Was ist unangenehm/angenehm daran? Welches Kernbedürfnis war zuerst betroffen?

Einfach bei dieser Frage bleiben.

Natürlich darf man sich einfach ärgern oder freuen, aber spannend ist auch die triadische Reflexion, weil sie hilft, in einen Selbstklärungsprozess einzusteigen. Wenn man für sich geklärt hat, was triadisch gesehen bei einem abgelaufen ist, dann entsteht mehr Verständnis für die Gesamtsituation und man kann sich besser positionieren. So wächst der Raum der Möglichkeiten im Sinne von besserer Beziehung, mehr Überblick und größerem Handlungsspielraum.

Übung: Reflexion der drei Kernbedürfnisse im eigenen Leben

Vergegenwärtigen Sie sich die drei Begriffe: Autonomie, Beziehung, Sicherheit. Was meinen Sie, wie sehr diese drei zentralen Aspekte in Ihrem Leben aktiviert und integriert sind?

Wieder ist es hilfreich, zuerst mit der Aufmerksamkeit in den Körper zu gehen: Wenn Sie während der Reflexion Reaktionen aus Ihrem Körper wahrnehmen, ist das unterstützend.

1. Stellen Sie sich die Beziehung zu Ihrem Partner, einem Ihrer Kinder oder zu einer anderen nahestehenden Person vor.
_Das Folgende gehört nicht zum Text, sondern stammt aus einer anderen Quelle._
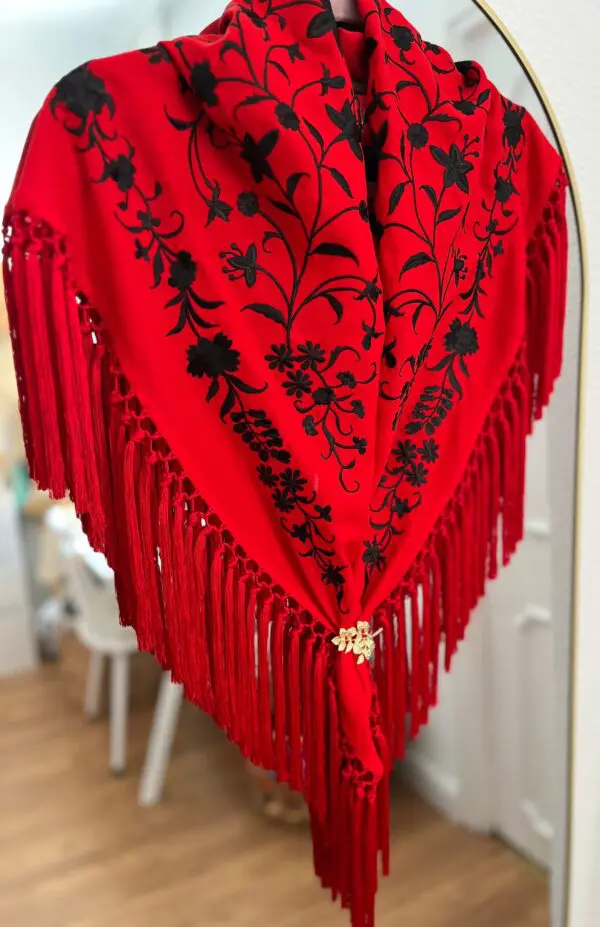 Mantoncillo Vera rojo - Imagen 2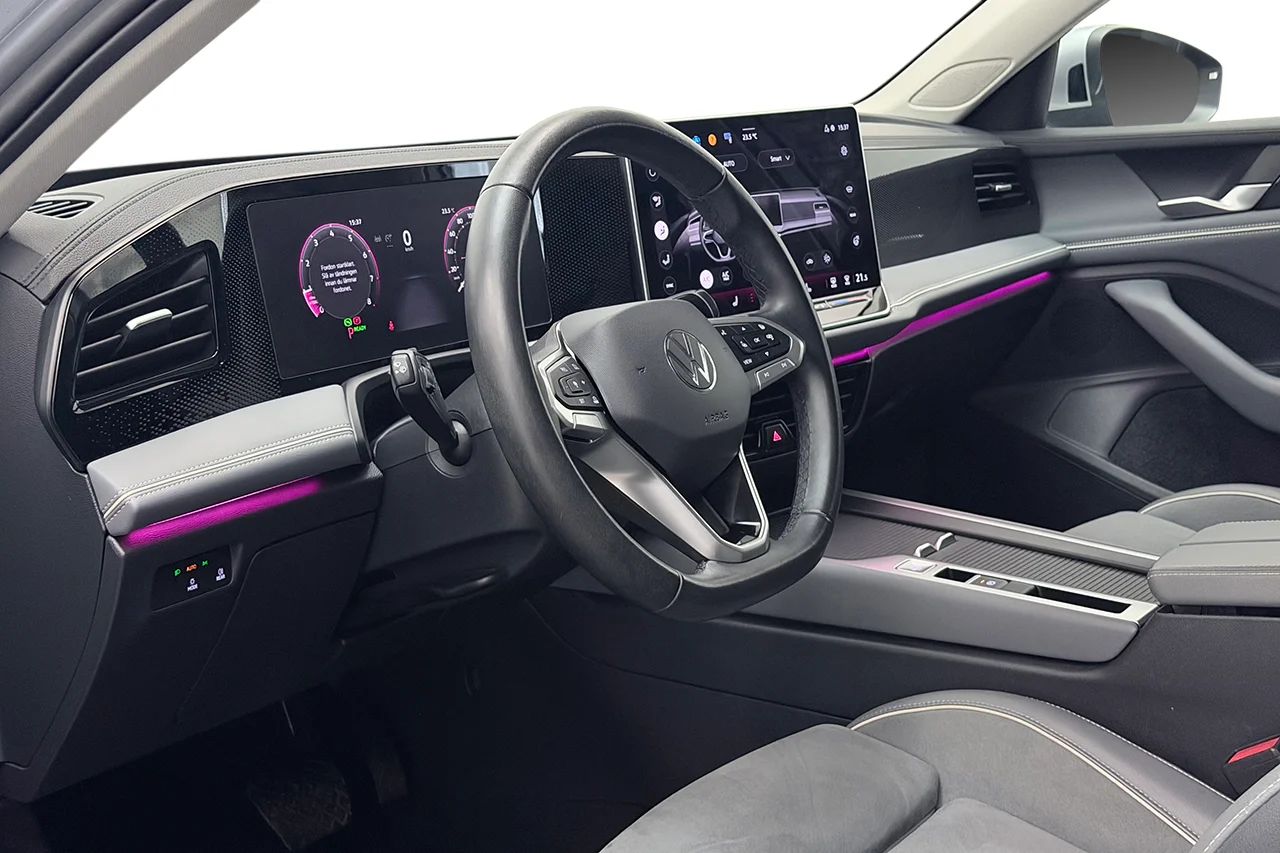 Volkswagen Passat SC 1.5 eTSI Business Drag Cockpit Navi Värmare ergoActive MOMS – bild 12 av 37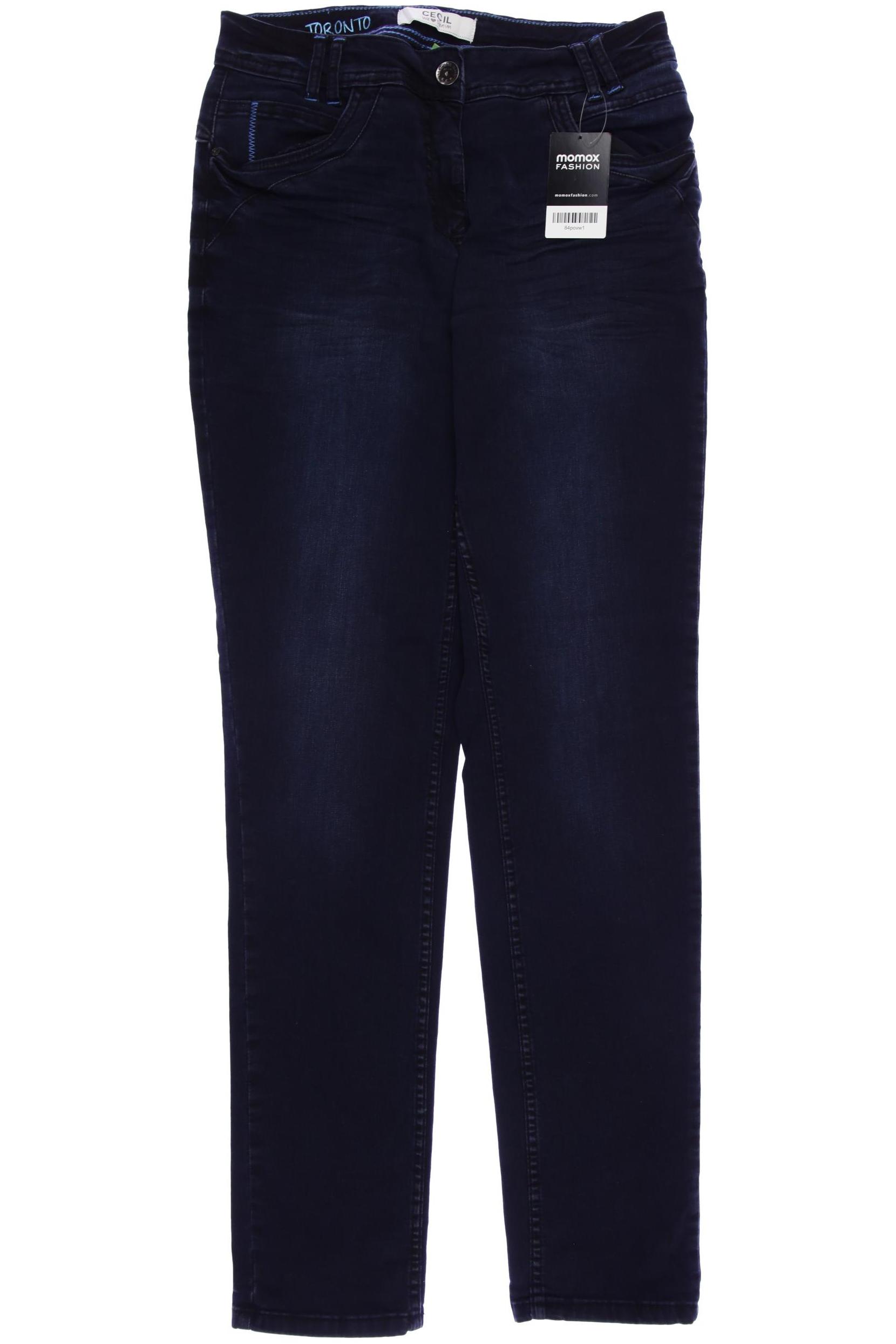 

Cecil Damen Jeans, marineblau, Gr. 29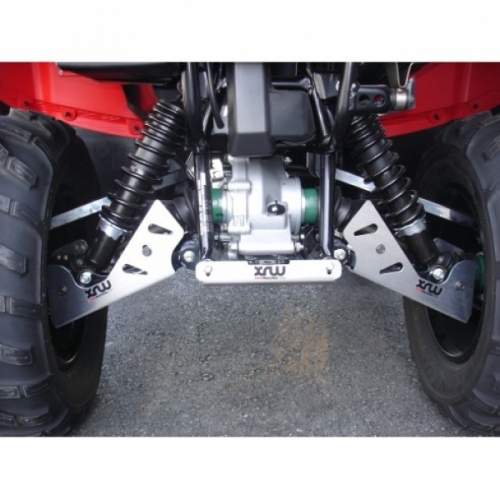 XRW (Back) hinterer A-Arm Schutz ( Protector ) aus Aluminium fr Suzuki King Quad 500/700/750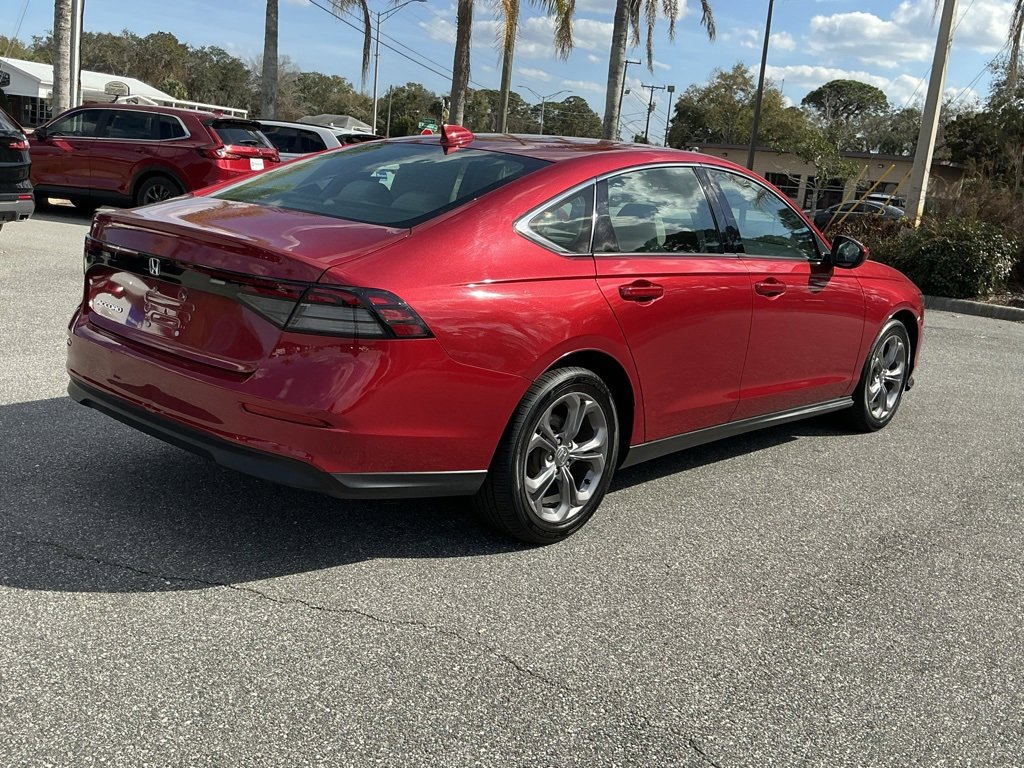 Certified 2024 Honda Accord EX image 9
Wie würden Sie die Beziehung zu dieser Person anhand der Triade einschätzen?

Autonomie: Hat jeder genügend Freiraum für sich?
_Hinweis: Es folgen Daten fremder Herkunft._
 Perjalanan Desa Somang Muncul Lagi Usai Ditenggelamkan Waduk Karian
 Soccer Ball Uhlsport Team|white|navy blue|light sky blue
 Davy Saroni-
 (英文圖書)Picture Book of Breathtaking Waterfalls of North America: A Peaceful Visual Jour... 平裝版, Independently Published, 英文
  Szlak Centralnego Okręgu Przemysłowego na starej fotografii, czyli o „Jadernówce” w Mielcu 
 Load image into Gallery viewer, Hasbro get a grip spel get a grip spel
Beziehung: Wie gut sind Sie in Kontakt miteinander? Sind Ihre Gefühle füreinander überwiegend positiv?

Sicherheit: Wissen Sie immer, woran Sie mit dem anderen sind und er mit Ihnen? Können Sie sich aufeinander verlassen?
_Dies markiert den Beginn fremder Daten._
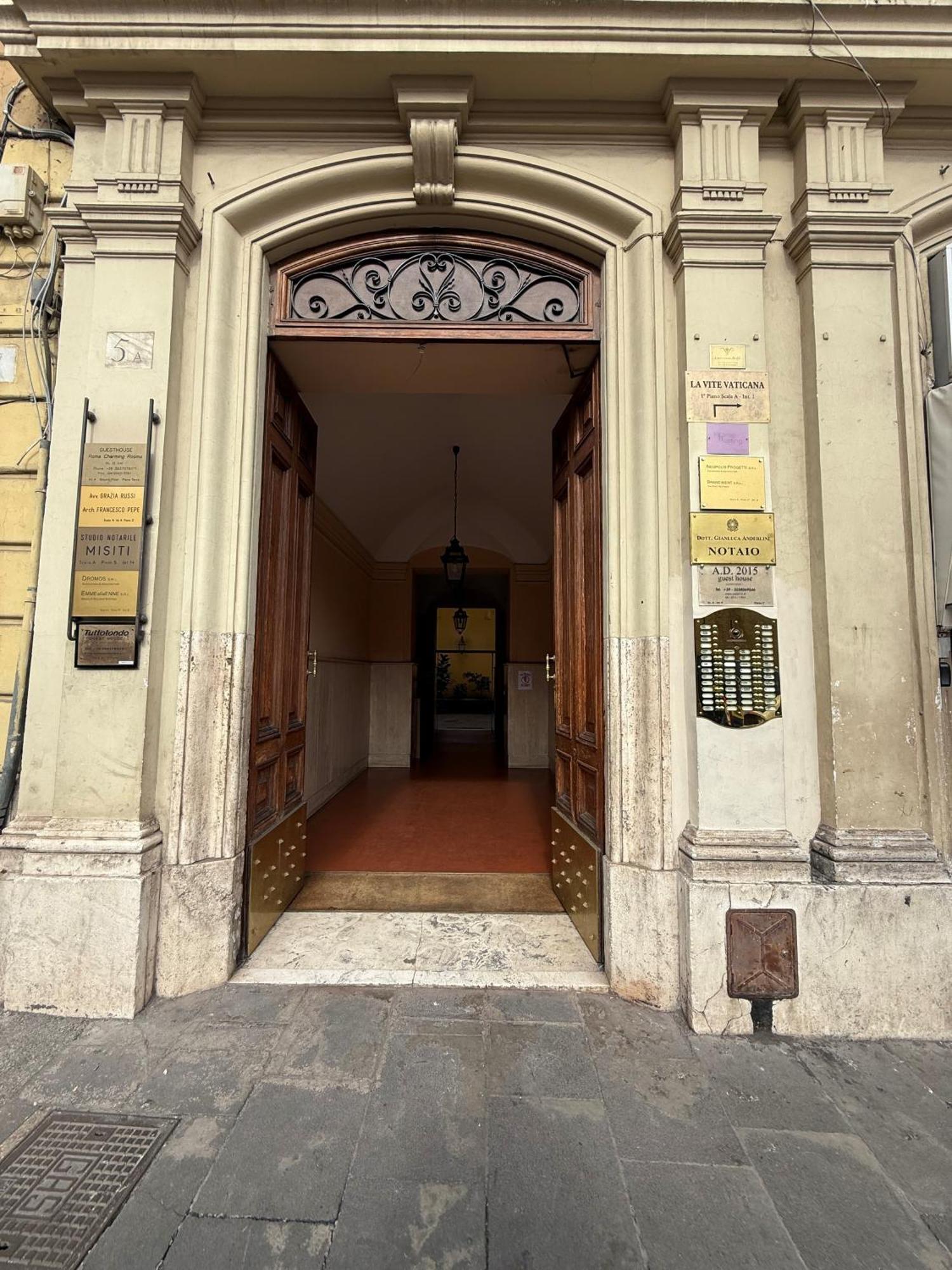 Suites Da Papa Řím Exteriér fotografie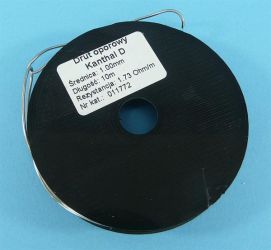 OPOROWY KANTHAL D 1,730R 1,00mm 10mb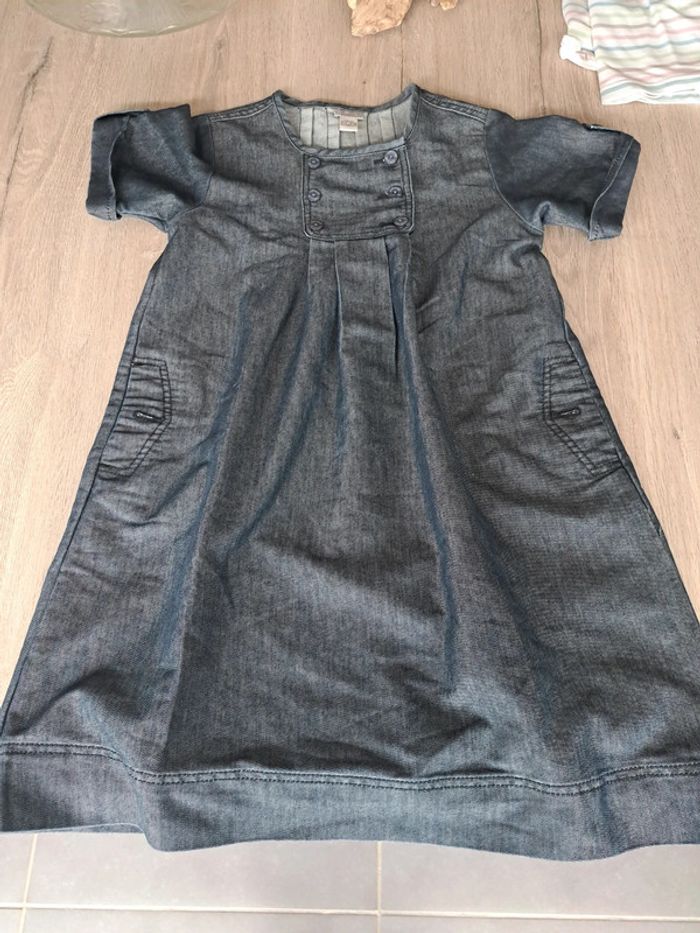 Robe en jeans
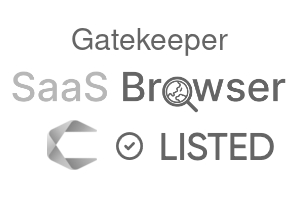 Gatekeeper - SaaS Browser Verified Badge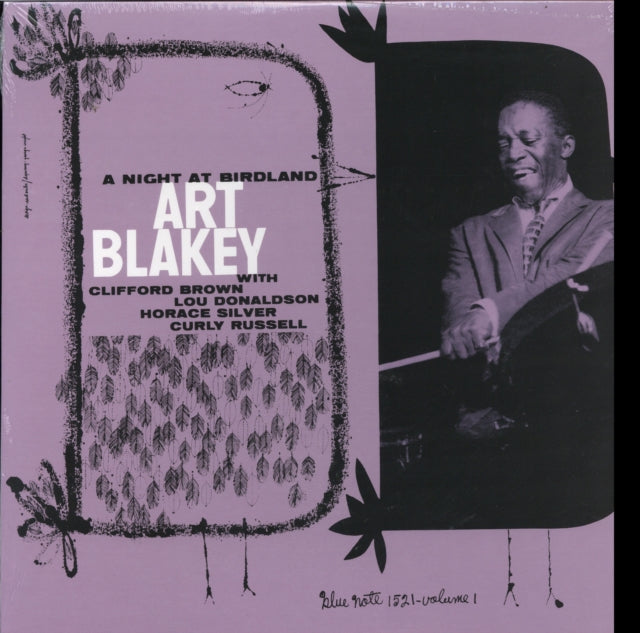 Product Image : This LP Vinyl is brand new.<br>Format: LP Vinyl<br>This item's title is: Night At Birdland Vol.1<br>Artist: Art Quintet Blakey<br>Label: BLUE NOTE<br>Barcode: 602547173218<br>Release Date: 5/26/2015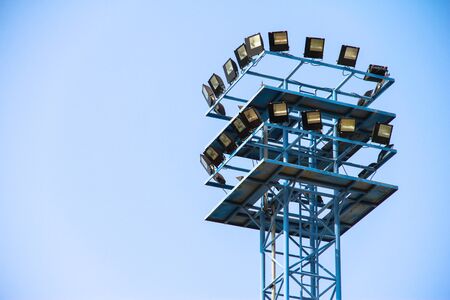 This is a pole spotlights for used in industry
Wie viel von welchem Kernbedürfnis bieten Sie an?

Wo würden Sie selbst gerne mehr oder auch weniger bekommen?

2. Denken Sie an Ihre Arbeit oder an das Unternehmen, in dem Sie tätig sind (auch als Hausmann/-frau). Was meinen Sie, wie stark die drei Kernbedürfnisse in Ihrem Arbeitsleben repräsentiert sind?

Sicherheit: Ist ausreichend Überblick und Orientierung vorhanden, was Ihren Arbeitsplatz, die Arbeitsplatzbeschreibung, Abläufe, Handlungsanweisungen, Richtlinien betrifft? Gibt es womöglich eine Überforderung?

Autonomie: Wie sieht es mit Handlungsspielräumen aus, der persönlichen Freiheit, Gestaltungsmöglichkeiten, selbstständigem Arbeiten?

Beziehung: Wie ist das Verhältnis unter Kollegen, im Team, zum Chef oder Vorgesetzten? Welchen Wert stellt das Betriebsklima dar? Wie ist der kollegiale Austausch?

Inwieweit ist einer der Bereiche durch die jeweils anderen beiden beeinflusst? Natürlich wirken immer alle drei Bereiche zusammen, aber wenn man sie separat und in ihrer Wechselwirkung betrachtet, wird einem oft klar, wo die Quellen für Schwierigkeiten oder Wohlergehen liegen.